The electronic musical festival returns with an impressive lineup…
This summer saw the return of SILICON DREAMS, the electronic music festival whose roots were founded in the Vintage Computer Festival back in 2010 (an event which also featured OMD performing live). The festival returned in 2013 with both Heaven 17 and Northern Kind in performance, an event which TEC writer Jer White summed up as “synthpop’s still alive and as vibrant as ever”.
Once again curated by Silicon Dreams’ founder Simon Hewitt, the 2017 event ambitiously took on the task of staging 6 acts who pull from both established artists as well as performers who are just embarking into the world of electronic music.
The venue of choice for this year’s event also stepped up a gear with the Liverpool’s Philharmonic Hall Music Room setting the stage for the return of Silicon Dreams.

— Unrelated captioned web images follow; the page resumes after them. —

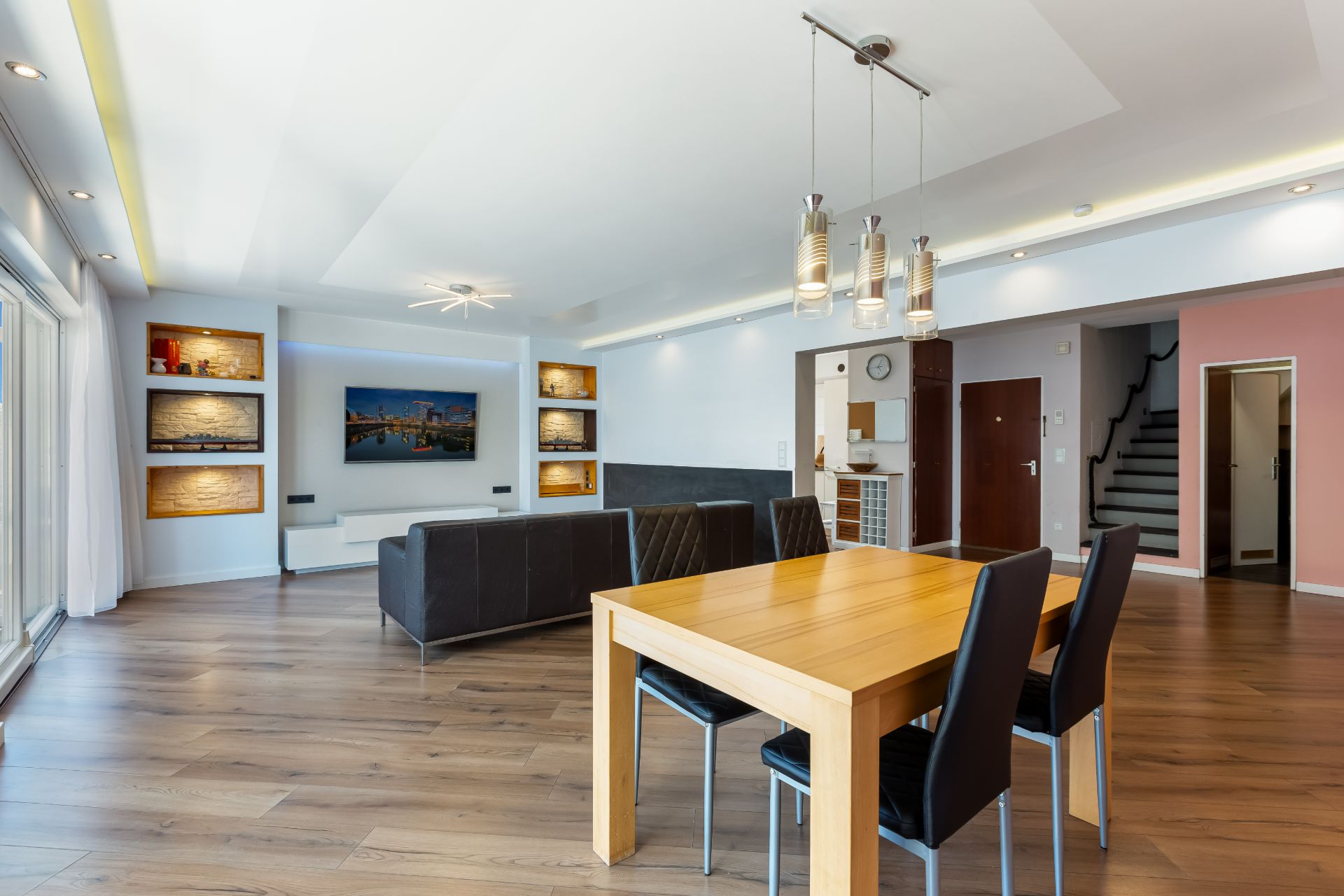 Modernes Wohn- und Esszimmer mit Holzboden, Esstisch, Sofa, Fernseher und Regalen an der Wand.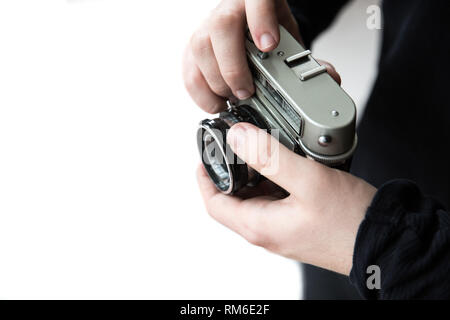 A midsection of a male photographer focussing a lens whilst holding a vintage, 35mm camera with copy space on a white background Stock Photo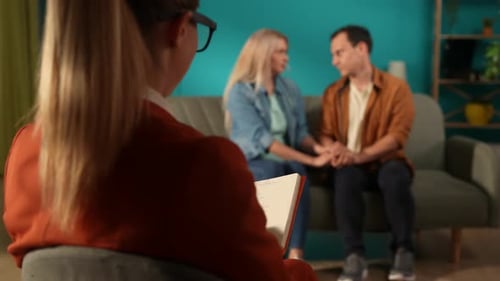 Family Counseling Married Couple Holding Hands Sitting on a Couch in Front of a Female Psychologist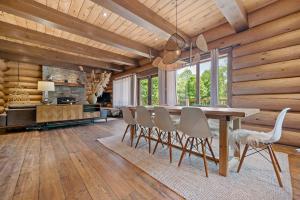 a dining room with a table and chairs at Rustic Chalet & Serenity in Mont Blanc in Saint-Faustin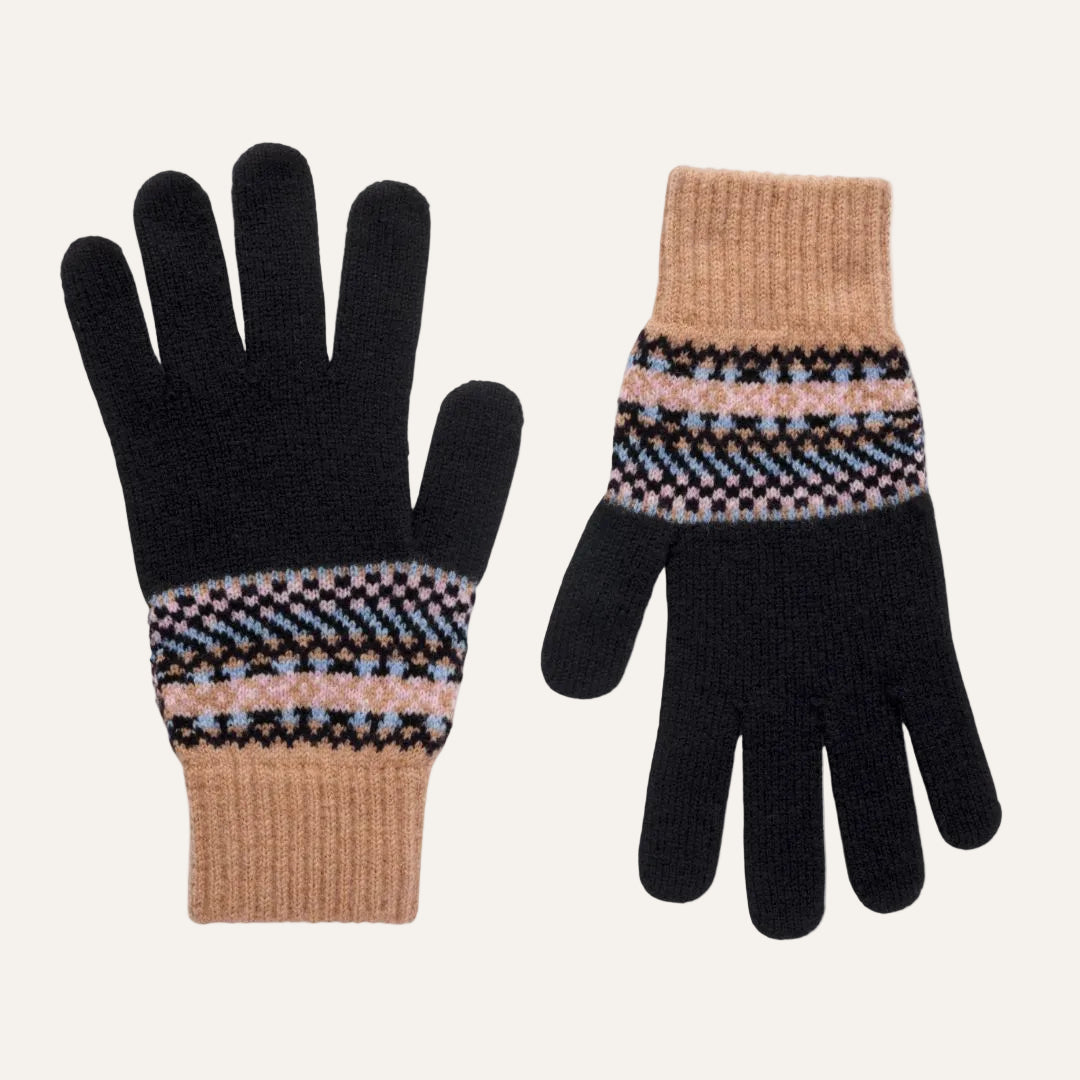 A pair of knit winter gloves on a white background, featuring black fingers and palms with a beige ribbed cuff, and a multicolor geometric pattern band in pink, blue, and brown.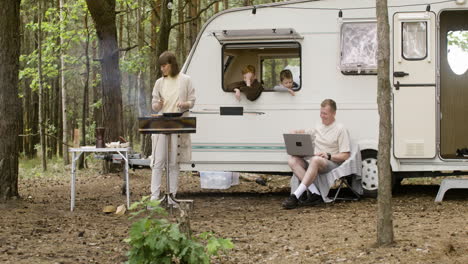 happy nomad family spending time together at the camping in the forest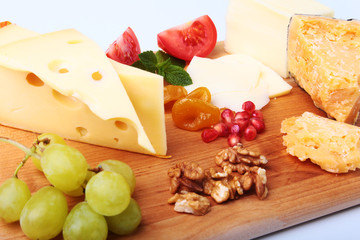 Assortment of cheese with fruits, grapes, nuts and cheese knife on a wooden serving tray.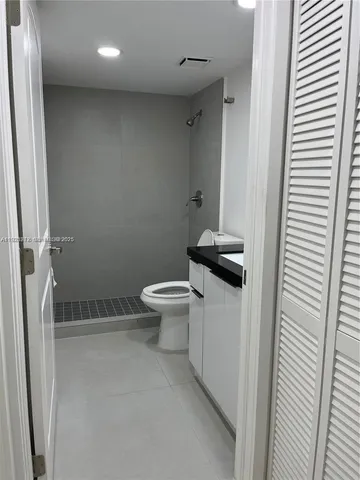 a view of a hallway with cabinet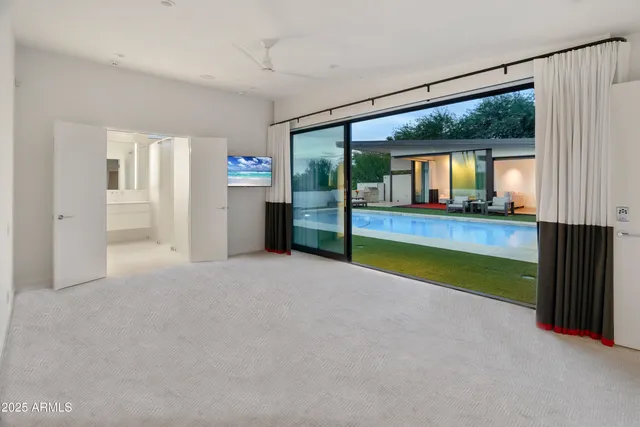 an empty room with closet and windows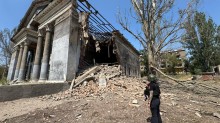 Правоохоронець дивиться на зруйнований палац культури.
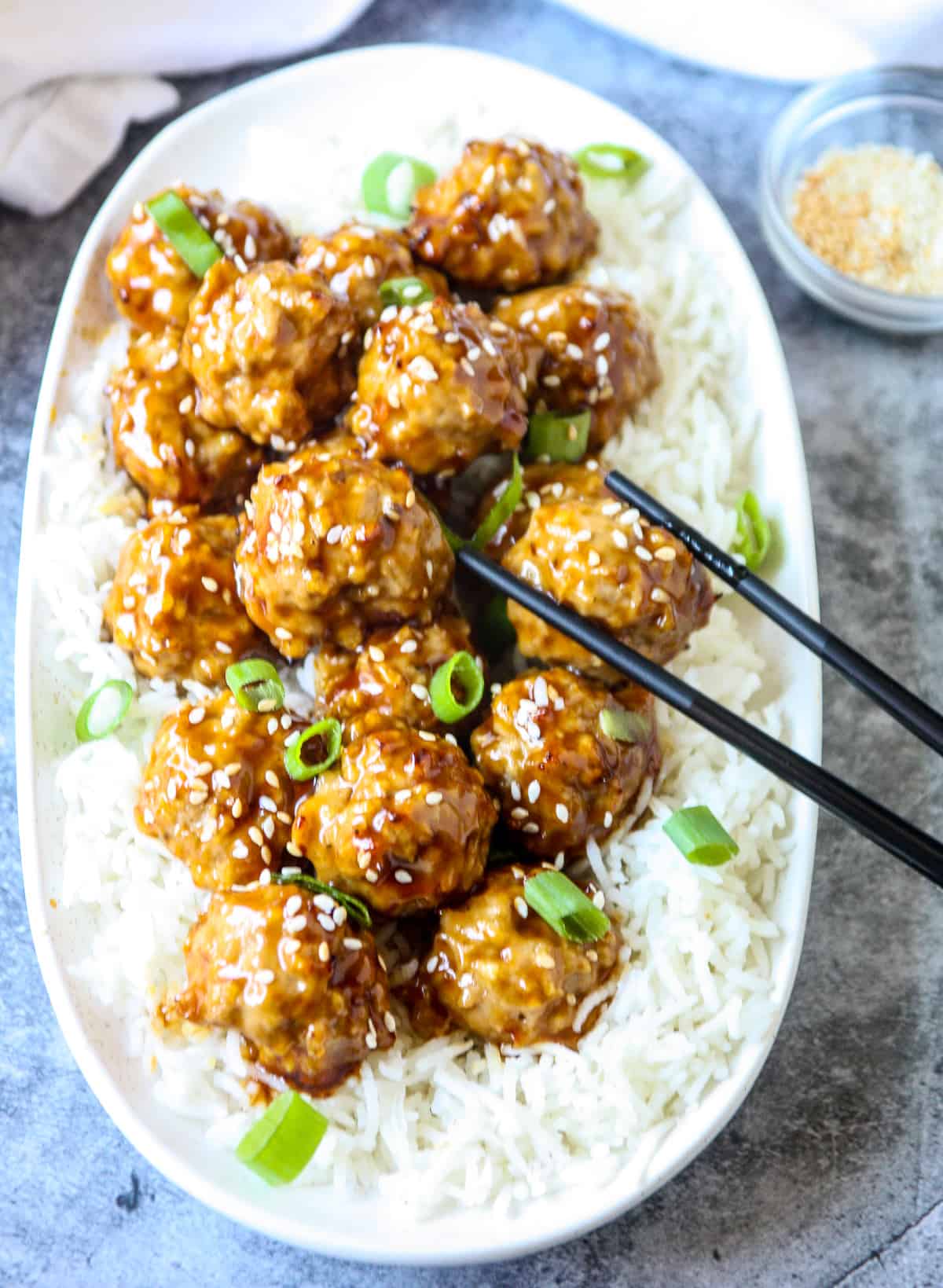Baked and glazed Asian chicken meatballs on top of rice on a white platter with black chopsticks.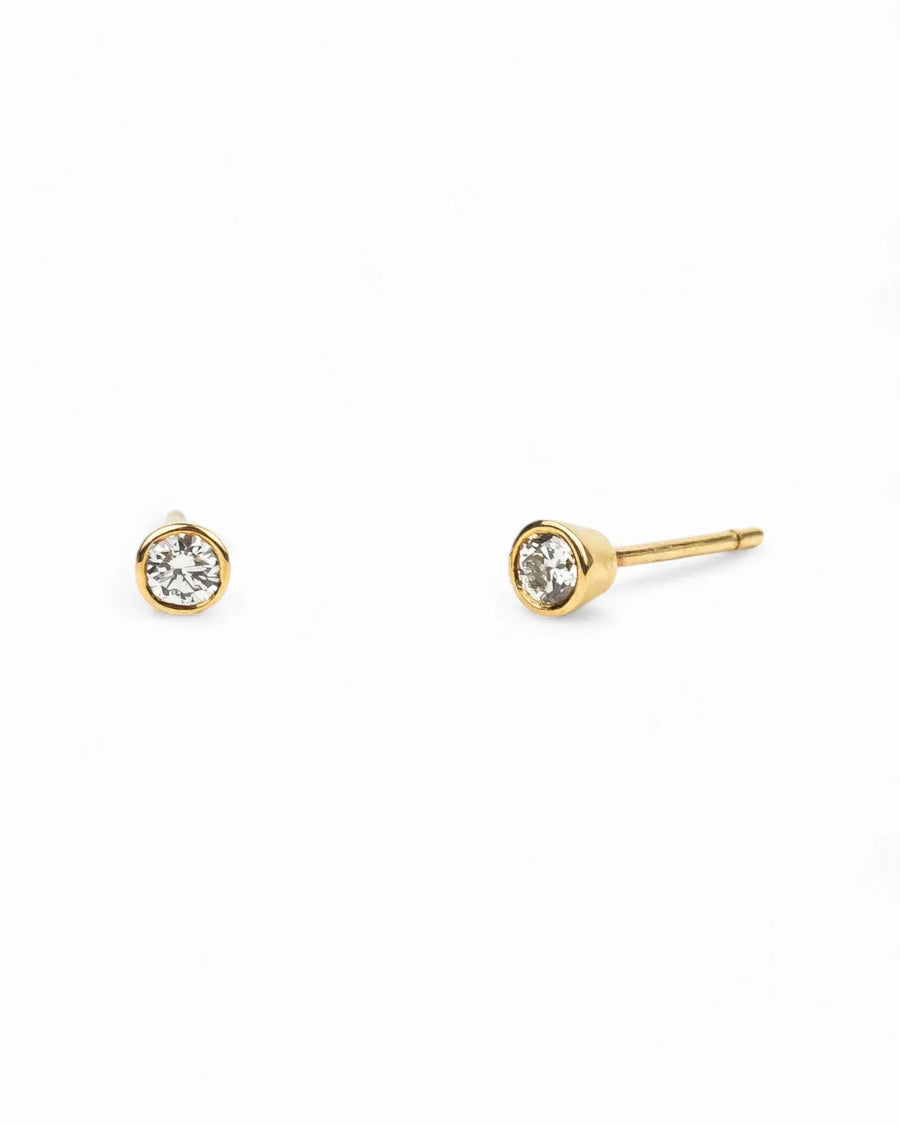 9ct yellow gold bezel set diamond stud earrings.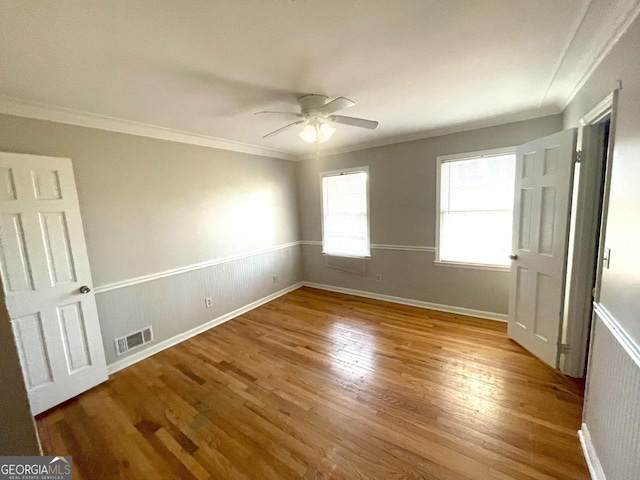 empty room featuring a wainscoted wall, ceiling fan, ornamental molding, and wood finished floors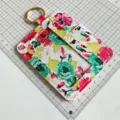 Floral print leather card holder detail with clear ID window and gold keyring for women. - Colorful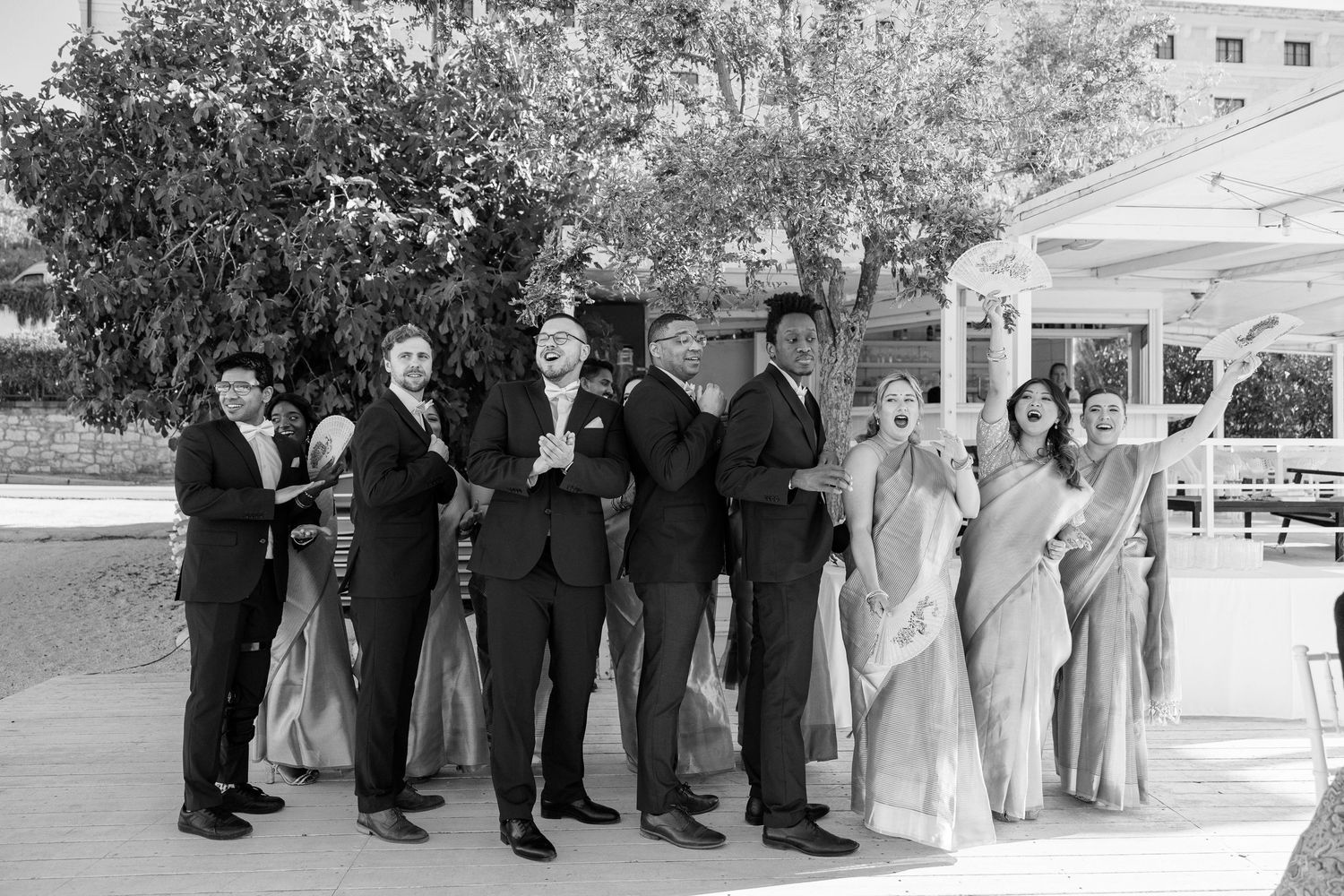 Wedding party posing playfully in black and white, bridesmaids in saris and groomsmen in suits outdoors.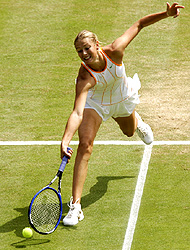 Russia's Maria Sharapova plays a shot to compatriot Nadia Petrova in their quarterfinal match at Wimbledon on Tuesday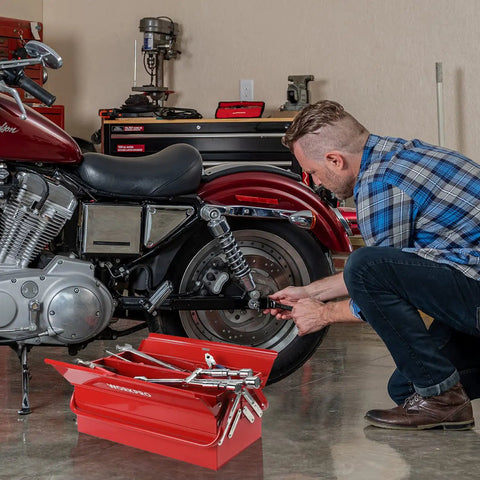 Man using Heavy Duty 18 Inch Cantilever Tool Box With 5 Tray Foldout Organizer Metal Red Storage Case next to motorcycle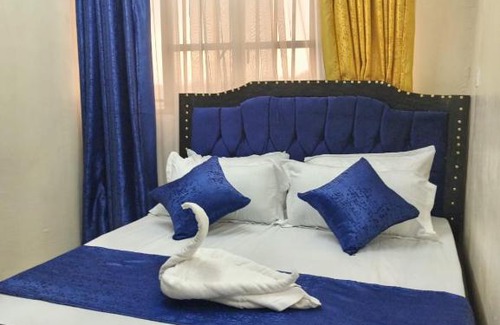 Busia Apartment | Family-Friendly Rue's Apartment for Memorable Stays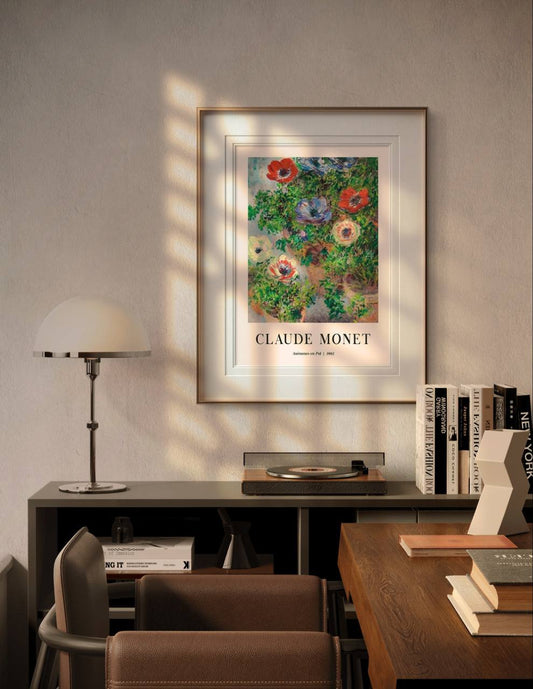 A Claude Monet poster featuring the "Anémones en Pot" painting, framed and hung above a modern desk with books and a lamp. The room is softly lit, highlighting the artwork.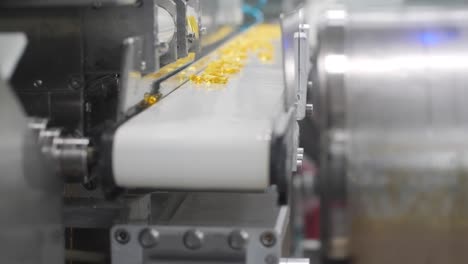 4k video of vitamins moving onto a conveyor belt towards the dryer drums on an assembly line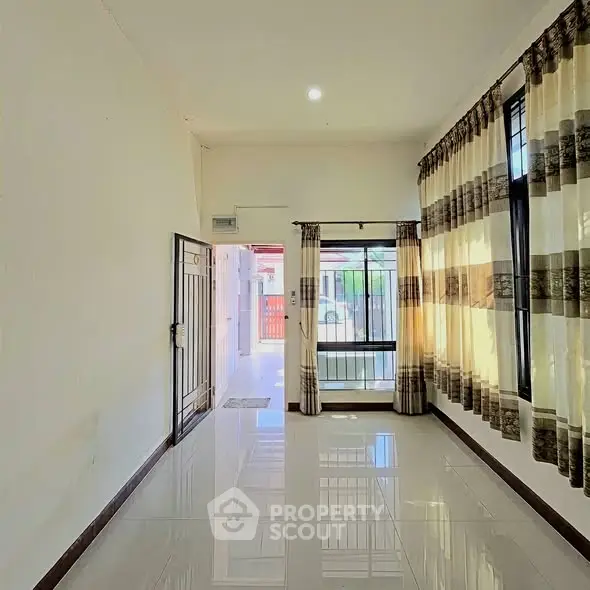 Bright and airy living room with large windows and tiled flooring, perfect for natural light lovers.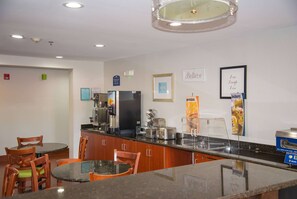 A hotel kitchen with a self-serve breakfast bar, wooden chairs, and a refrigerator.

As discussed in TEC’s review of the album, McLavy’s material is “…peppered with synth hooks, emotive melodies and simply good danceable rhythms”. The likes of ‘You Know’ are given much more of an impact on stage, courtesy of McLavy’s confident stage presence and equally strong vocals. Elsewhere, the bassy tones of ‘I’ll Take My Chances’ and bangers such as ‘Miss Perfect’ and ‘Constant Pain’ show a solid collection of songs in her arsenal.
Meanwhile, the tropical rhythms of ‘Where Did I Go Wrong’ take things down a gear. Finishing things up is the deceptively slow intro to ‘Calm Before The Storm’, which erupts into a percussive belter at the halfway point, ending McLavy’s set on a high note.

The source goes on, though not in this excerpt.